Bagi saya, akan lebih penting jika pewarnaan
diberikan untuk foto dari pada karikatur. Apalagi liputan tentang batik, yang
memiliki ciri warna tersendiri dibanding produk luar daerah. Ini akan
menguatkan berita jika memang pewarnaan produksi batik di Jember lebih mencolok
karena sesuai dengan kultur masyarakat madura di Jember. Berbeda dengan batik
keratonan seperti di Jogja yang warnanya lebih kalem.
5. Isi berita
Dalam
penulisan laporan utama, kawan-kawan Millenium
sama sekali tidak menuliskan sisi negatif dari industri rumahan tersebut.
Barangkali bisa ditulis menjadi tulisan baru. Misalkan, Tentang kesejahteraan
pekerja, berapa upahnya, bagaimana perbedaan pekerja tetap dengan yang tidak.
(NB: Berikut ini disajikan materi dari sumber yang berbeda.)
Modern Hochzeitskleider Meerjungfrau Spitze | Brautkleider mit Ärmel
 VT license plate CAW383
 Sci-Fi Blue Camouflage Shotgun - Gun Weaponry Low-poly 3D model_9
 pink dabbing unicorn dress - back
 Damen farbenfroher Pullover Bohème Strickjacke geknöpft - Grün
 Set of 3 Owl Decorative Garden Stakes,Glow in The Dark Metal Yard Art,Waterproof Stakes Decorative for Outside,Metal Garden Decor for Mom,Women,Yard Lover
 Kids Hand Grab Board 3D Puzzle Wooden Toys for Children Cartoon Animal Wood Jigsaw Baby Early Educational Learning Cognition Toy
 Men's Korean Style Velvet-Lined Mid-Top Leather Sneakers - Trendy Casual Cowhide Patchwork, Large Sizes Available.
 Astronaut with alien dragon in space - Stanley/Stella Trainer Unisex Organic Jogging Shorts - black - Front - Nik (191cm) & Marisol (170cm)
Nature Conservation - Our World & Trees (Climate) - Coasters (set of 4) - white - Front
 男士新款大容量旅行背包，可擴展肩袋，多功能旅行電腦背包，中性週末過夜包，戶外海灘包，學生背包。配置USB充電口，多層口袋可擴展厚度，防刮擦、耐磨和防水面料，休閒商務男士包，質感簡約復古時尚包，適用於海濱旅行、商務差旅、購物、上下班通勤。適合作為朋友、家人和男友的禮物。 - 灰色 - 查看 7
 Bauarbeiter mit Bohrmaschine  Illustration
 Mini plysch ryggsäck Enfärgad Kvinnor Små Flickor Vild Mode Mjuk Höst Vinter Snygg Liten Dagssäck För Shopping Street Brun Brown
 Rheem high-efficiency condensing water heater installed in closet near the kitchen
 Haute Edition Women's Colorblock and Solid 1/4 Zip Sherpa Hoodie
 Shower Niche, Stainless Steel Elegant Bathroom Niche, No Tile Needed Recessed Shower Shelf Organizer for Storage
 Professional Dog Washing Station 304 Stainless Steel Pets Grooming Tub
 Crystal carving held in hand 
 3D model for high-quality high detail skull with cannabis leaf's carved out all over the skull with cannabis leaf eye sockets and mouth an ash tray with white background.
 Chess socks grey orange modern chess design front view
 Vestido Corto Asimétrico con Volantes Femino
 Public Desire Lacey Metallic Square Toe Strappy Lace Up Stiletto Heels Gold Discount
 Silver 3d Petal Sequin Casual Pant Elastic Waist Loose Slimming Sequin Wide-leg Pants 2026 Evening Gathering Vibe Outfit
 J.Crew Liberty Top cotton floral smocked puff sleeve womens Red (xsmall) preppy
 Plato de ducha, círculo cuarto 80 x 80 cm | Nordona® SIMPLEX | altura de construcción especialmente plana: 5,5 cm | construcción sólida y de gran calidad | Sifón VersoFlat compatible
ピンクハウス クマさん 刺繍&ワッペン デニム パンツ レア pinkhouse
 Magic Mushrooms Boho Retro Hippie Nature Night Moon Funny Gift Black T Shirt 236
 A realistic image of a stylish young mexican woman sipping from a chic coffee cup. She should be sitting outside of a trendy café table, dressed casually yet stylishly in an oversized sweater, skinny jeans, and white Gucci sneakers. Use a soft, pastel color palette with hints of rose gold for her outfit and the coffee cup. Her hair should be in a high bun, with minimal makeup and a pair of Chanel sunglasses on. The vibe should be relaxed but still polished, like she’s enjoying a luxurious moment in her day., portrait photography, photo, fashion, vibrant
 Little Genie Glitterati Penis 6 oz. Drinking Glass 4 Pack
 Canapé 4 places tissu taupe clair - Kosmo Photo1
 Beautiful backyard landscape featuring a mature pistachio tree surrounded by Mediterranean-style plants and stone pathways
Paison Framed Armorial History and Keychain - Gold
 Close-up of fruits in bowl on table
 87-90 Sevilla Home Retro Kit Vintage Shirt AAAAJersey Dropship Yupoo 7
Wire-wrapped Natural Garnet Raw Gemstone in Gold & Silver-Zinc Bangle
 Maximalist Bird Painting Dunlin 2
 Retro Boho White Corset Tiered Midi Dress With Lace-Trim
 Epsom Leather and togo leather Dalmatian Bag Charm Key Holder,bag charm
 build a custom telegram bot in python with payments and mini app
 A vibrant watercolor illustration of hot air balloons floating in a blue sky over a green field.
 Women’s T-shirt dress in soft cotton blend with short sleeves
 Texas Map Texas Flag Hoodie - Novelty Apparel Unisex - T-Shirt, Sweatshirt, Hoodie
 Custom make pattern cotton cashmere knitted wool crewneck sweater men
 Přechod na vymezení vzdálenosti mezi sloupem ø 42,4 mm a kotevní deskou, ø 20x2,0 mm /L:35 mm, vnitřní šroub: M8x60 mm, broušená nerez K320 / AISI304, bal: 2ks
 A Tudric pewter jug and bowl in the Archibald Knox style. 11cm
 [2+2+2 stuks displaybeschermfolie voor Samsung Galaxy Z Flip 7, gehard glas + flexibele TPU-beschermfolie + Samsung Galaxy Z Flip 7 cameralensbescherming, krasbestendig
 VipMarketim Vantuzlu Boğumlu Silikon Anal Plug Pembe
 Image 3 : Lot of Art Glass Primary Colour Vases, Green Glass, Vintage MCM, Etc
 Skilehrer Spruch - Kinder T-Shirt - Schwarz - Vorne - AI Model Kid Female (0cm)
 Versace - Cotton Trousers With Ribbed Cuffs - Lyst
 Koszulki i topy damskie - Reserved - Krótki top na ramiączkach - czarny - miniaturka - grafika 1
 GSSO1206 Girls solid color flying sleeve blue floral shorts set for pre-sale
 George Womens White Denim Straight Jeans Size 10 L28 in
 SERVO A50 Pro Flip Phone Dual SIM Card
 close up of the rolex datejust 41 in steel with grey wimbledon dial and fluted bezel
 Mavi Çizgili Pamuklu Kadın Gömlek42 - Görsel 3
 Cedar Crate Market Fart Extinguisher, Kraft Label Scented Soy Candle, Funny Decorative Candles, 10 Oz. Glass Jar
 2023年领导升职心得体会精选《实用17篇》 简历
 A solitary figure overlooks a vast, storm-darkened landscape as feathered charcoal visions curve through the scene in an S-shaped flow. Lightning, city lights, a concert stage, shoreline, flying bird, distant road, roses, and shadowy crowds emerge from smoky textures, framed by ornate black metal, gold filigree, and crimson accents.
Apa memang benar mereka sudah tercukupi, jika pekerjaan tersebut sangat menjadi
kebutuhan. Jujur saja, saya lebih tertarik menulis tentang orang-orang kecil.
Apabila
hanya mengungkap dari sudut pandang positif terkesan hanya promosi dan tidak
jauh berbeda dengan iklan. Bisa saja penggunaan pewarna batik tidak ramah
lingkungan, karena menggunakan bahan kimia dan masyarakatnya tidak menyadari
hal tersebut.
Selain
itu, Proses pembuatan batik tidak
dijelaskan. Barangkali bisa diceritakan produksi kain batik mulai awal sampai
jadi. Hal ini bisa menjadi motivasi bagi pembaca untuk ingin belajar.
Kemudian
terkait potensi identitas, mengapa Jember terkenal dengan tembakau. Sampai
produksi batik menggunakan simbol tembakau untuk menunjukan bahwa produk
tersebut khas Jember. Barangkali hal tersebut bisa diceritakan dari aspek
sejarah misalnya, agar bisa menjadi nilai pengetahuan tersendiri.
Catatan:
Masih banyak hal yang perlu kita diskusikan bersama
terkait penulisan dan isi. Selain kita juga masih sama-sama belajar mengkritisi
dan terbuka. Agar bisa menulis lebih baik lagi. Bagi saya, sebuah penilaian
teks yang enak dibaca, tidak terlepas dengan unsur subjektifitas. Dari
keberagaman persepsi ini lah akan muncul proses dialog agar objek yang dikaji
lebih berkualitas. Terimakasih dan tetap menulis!
Jember, 1 Januari 2013
Jember, 1 Januari 2013
·
Tulisan ini pernah buat lomba sinopsis
di UPM Millenium STAIN Jember.
2 komentar:
cie yang dapet juara pertama sekaligus uang 700ribu gara2 tulisan ini :D
Hahaha, cuma gae arsip iki ben gak hilang.